Maxim Emelyanychev possédé par la fougue de Prokofiev lors des Franco-Russes
C’est à Toulouse que se tient l’édition 2021 de ce croisement culturel entre France et Russie. La toile de fond étant la musique savante partagée depuis longtemps par les deux nations. Le compositeur Sergueï Prokofiev (1891-1953) est à l’honneur lors de ce festival dirigé par Tugan Sokhiev.
Maxim Emelyanychev dirige ce vendredi 19 mars le violoniste Aylen Pritchin, et l’Orchestre national du Capitole de Toulouse pour une représentation à retrouver en ligne et sur France Musique en différé le 12 avril prochain à 20H. Les compositions de Prokofiev sont suivies d’une création de Benjamin Attahir et de l’ouverture de Roméo et Juliette de Tchaïkovski.
Un compositeur particulier
Sergueï Prokofiev est un compositeur précoce et très confiant. Convaincu de son talent il n’hésite pas à prouver sa supériorité avec des créations musicales contemporaines, parfois avant-gardistes. Il fallait bien un chef d’orchestre de talent pour mener la Symphonie n°1 et le Concerto pour violon n°2 du musicien russe. Maxim Emelyanychev saisit et retransmet le style quasi-titanesque de Prokofiev. Le compositeur pousse l’excentricité romantique dans de nouveaux retranchements, qu’importe si les notes sont “fausses”. On voit parfois le soviétique comme on voyait Berlioz un siècle plus tôt. Maxim Emelyanychev, 33 ans, impressionne par la fougue maitrisée dont il fait preuve. La manière dont il guide les musiciens est grandiose, sous un premier abord qui apparaît comme déstructurée. Mais c’est évidemment avec une précision chirurgicale qu’il s’exécute. La puissance des compositions jaillit au fur à mesure que la Symphonie se déroule.

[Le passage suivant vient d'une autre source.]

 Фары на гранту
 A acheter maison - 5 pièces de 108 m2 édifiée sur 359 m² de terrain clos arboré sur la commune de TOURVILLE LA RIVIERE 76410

La transcendance par les décibels
C’est en particulier lors du Concerto pour violon n°2 que l’intensité et la puissance de la musique de Prokofiev sont sublimées. Aylen Pritchin, violoniste principal, impressionne lors de solos et de questions/réponses avec les autres musiciens. Toujours porté par la fantastique interprétation de Maxim Emelyanychev, l’Orchestre du Capitole forme un formidable soutient au violon. Les œuvres bruitistes du compositeur soviétique n’ont jamais revêtu une si belle forme. C’est bien cette brillante œuvre de près de 30 min qu’il ne faut surtout pas manquer,
C’est ensuite une création contemporaine qui est jouée. Benjamin Attahir a composé 117:2C et présente son œuvre comme un poème. La courte pièce (moins de 8 min) s’intensifie progressivement jusqu’à une redescente dans les dernières mesures. La transition est idéale pour ensuite interpréter l’ouverture de Roméo et Juliette de Piotr Illich Tchaïkovski. L’œuvre romantique exacerbe les sentiments et ressentiments du mythique texte de Shakespeare. Elle se fond parfaitement avec les précédentes compositions toutes aussi grandiloquentes et fougueuses.
Avec l’aide de l’Orchestre national du Capitole, Maxim Emelyanychev dompte avec brio l’œuvre de Sergueï Prokofiev. Pour cela il lâche prise et se donne entier à la musique. De la même manière, l’expression artistique permettait à Prokofiev de s’affranchir des dures entraves staliniennes qu’il n’a pu toujours fuir. Il est bien de rappeler comment l’art brise les murs dans une période où il est raisonnable et parfois obligatoire de rester seul entre quatre.
Ce concert sera diffusé sur France Musique le lundi 12 avril à 20h. Comme tout le programme de la 3ème édition de Franco-Russes, il est à retrouver sur les réseaux sociaux du festival.